### Prompt
Give back the exact lines of the material below from the one containing "Wood Bead Holiday Ornament" through the one containing "Apartamento Moderno T2", and no pictures.

### Excerpted data
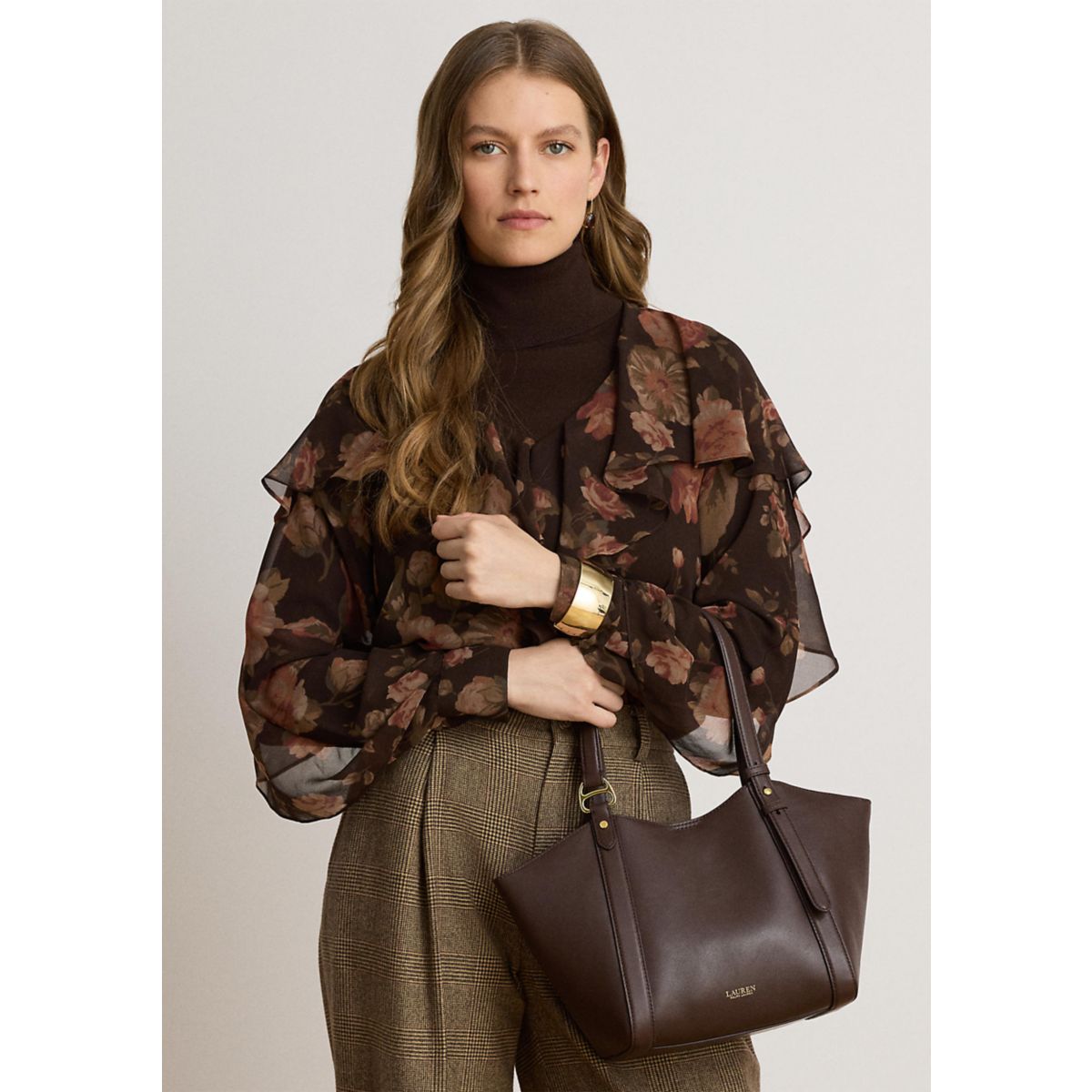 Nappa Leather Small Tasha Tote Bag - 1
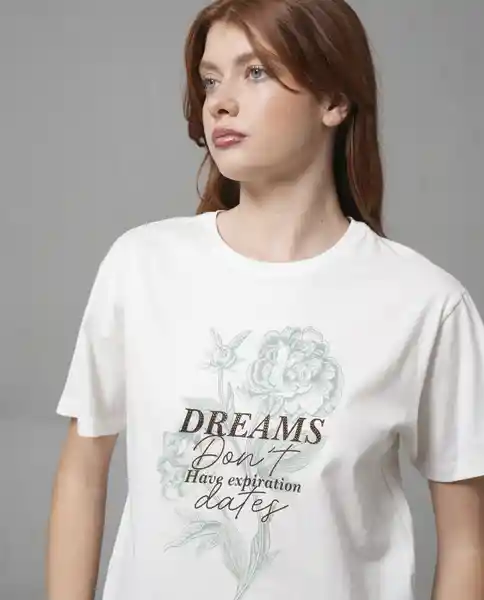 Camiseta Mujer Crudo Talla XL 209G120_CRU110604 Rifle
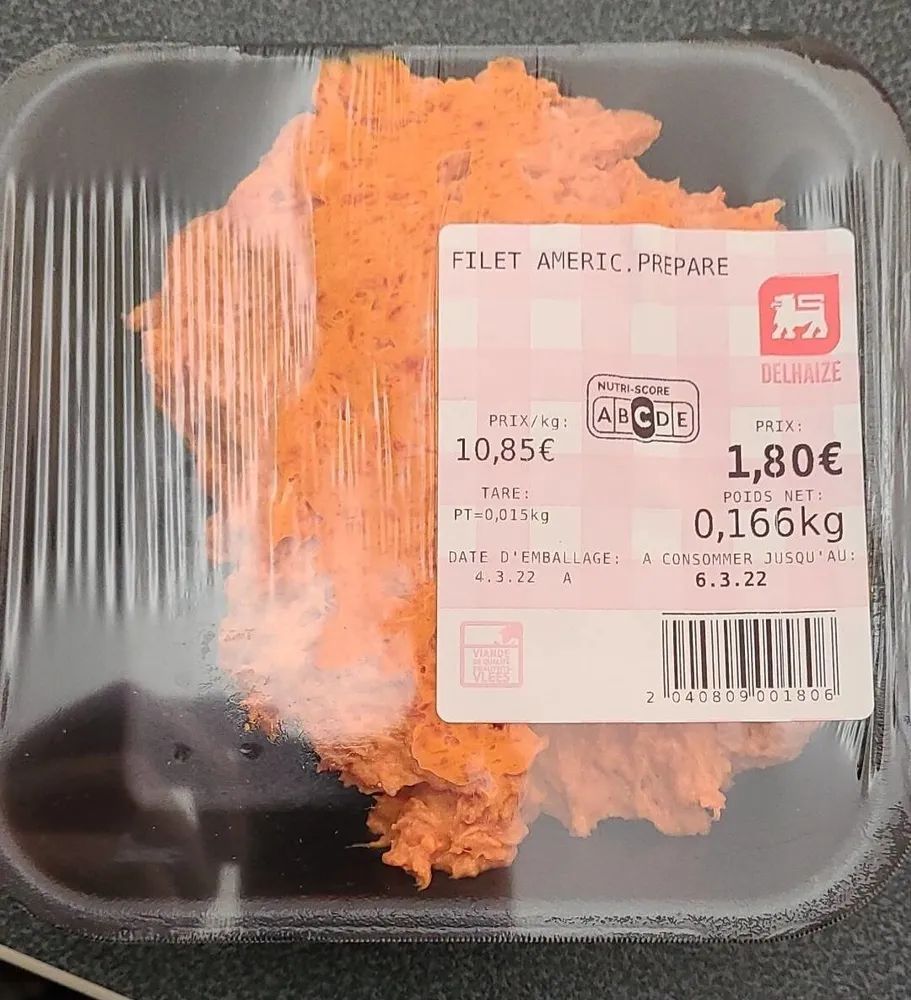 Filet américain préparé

* * *

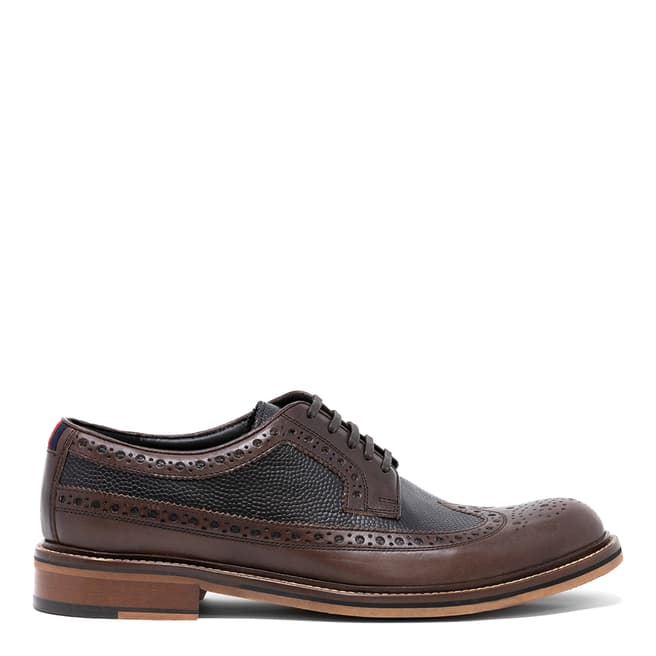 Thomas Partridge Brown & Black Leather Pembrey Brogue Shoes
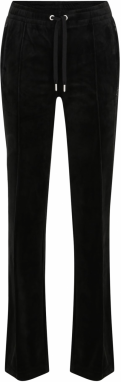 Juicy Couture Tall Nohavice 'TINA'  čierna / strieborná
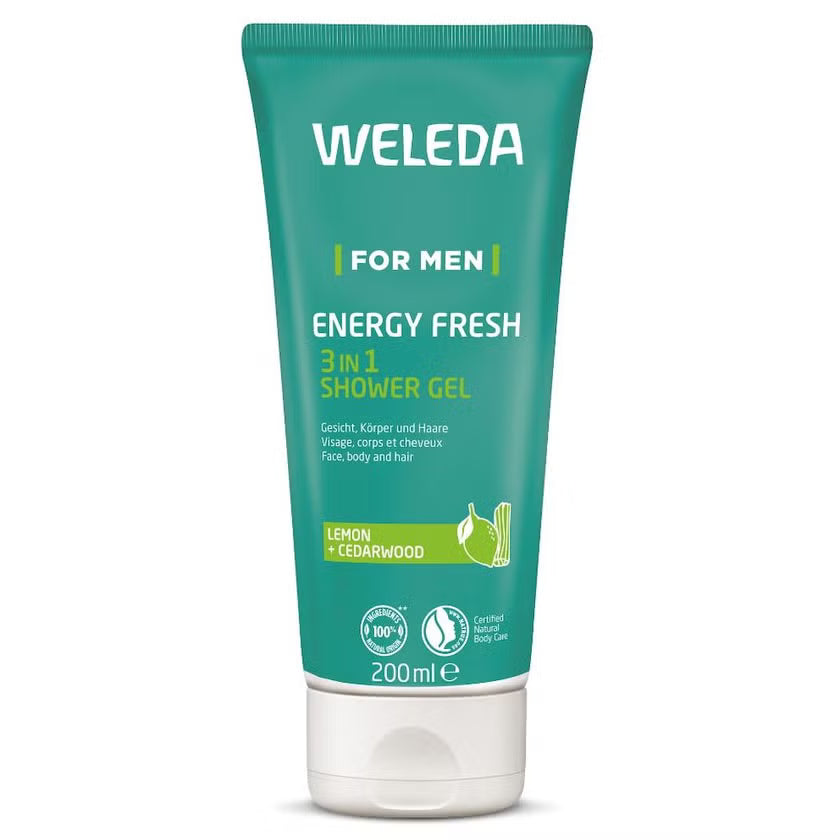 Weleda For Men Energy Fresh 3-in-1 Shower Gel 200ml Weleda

---

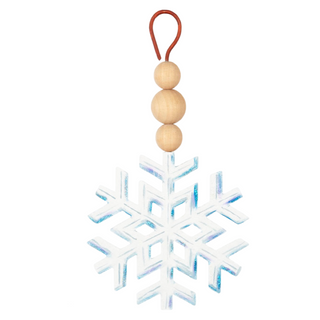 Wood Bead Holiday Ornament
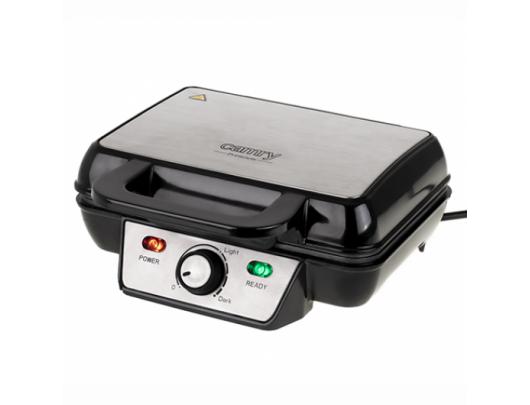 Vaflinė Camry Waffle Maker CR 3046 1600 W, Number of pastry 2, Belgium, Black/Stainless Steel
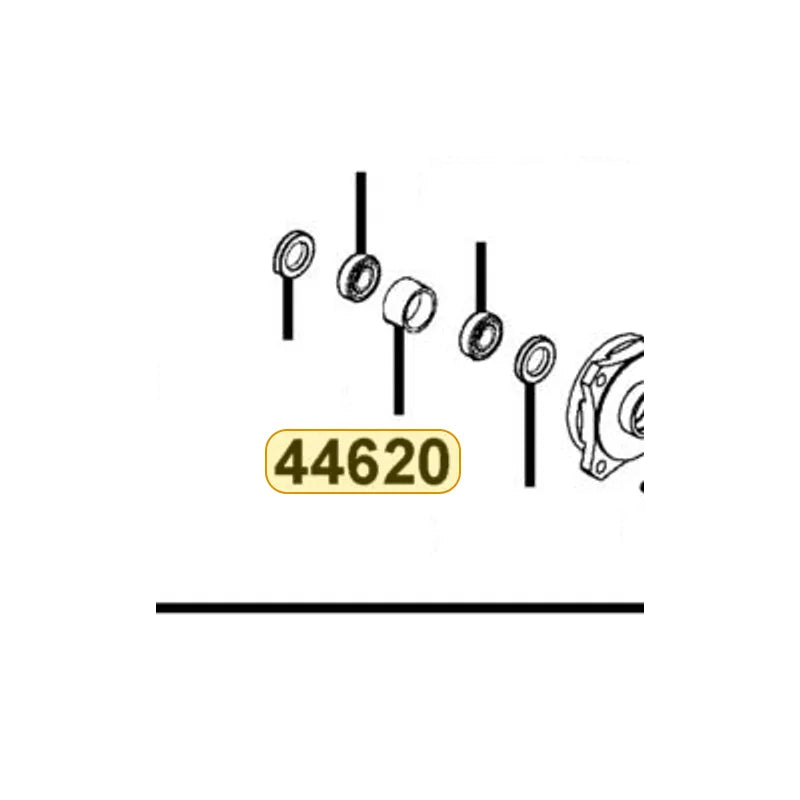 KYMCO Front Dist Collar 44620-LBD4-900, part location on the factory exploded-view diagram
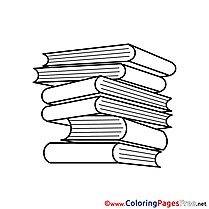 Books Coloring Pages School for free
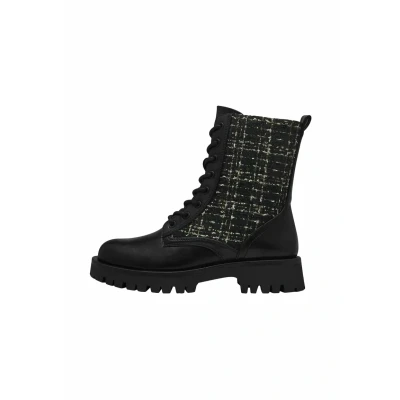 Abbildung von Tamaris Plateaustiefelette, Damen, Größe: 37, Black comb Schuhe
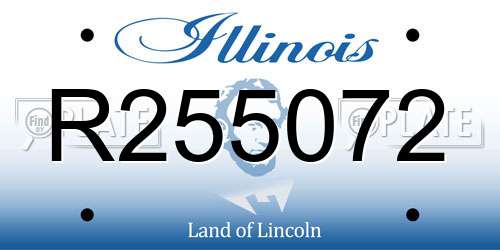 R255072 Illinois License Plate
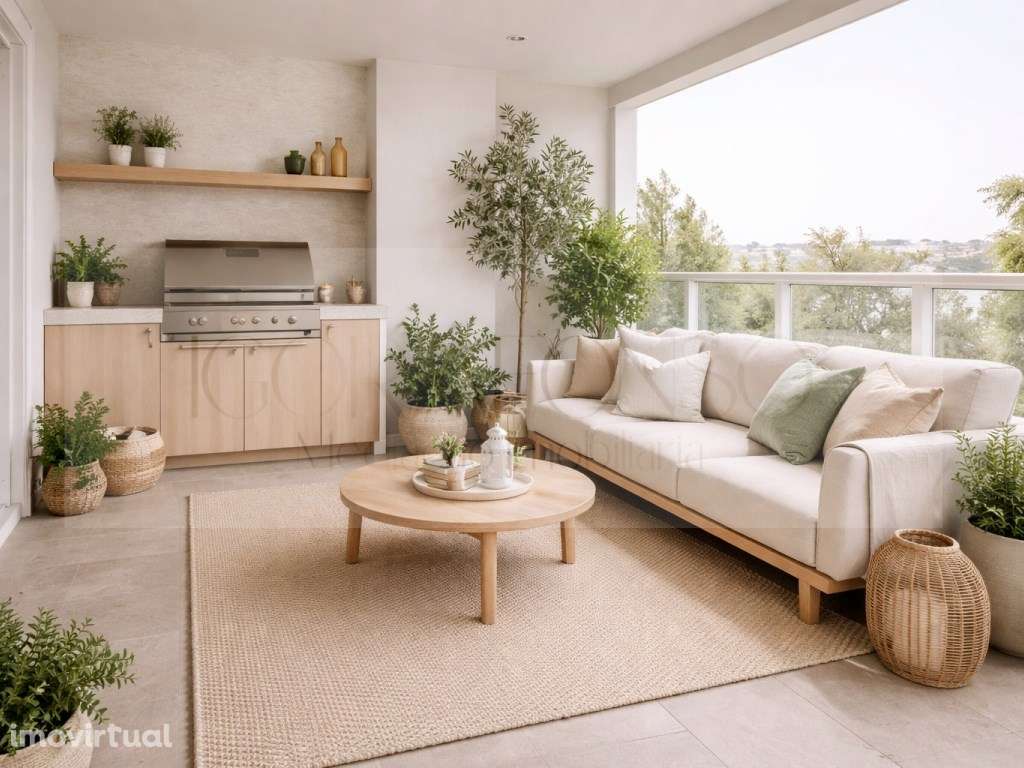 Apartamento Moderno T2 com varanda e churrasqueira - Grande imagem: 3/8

### Answer for this exercise
 Wood Bead Holiday Ornament
 Vaflinė Camry Waffle Maker CR 3046 1600 W, Number of pastry 2, Belgium, Black/Stainless Steel
 KYMCO Front Dist Collar 44620-LBD4-900, part location on the factory exploded-view diagram
 Books Coloring Pages School for free
 Abbildung von Tamaris Plateaustiefelette, Damen, Größe: 37, Black comb Schuhe
 R255072 Illinois License Plate
 Apartamento Moderno T2 com varanda e churrasqueira - Grande imagem: 3/8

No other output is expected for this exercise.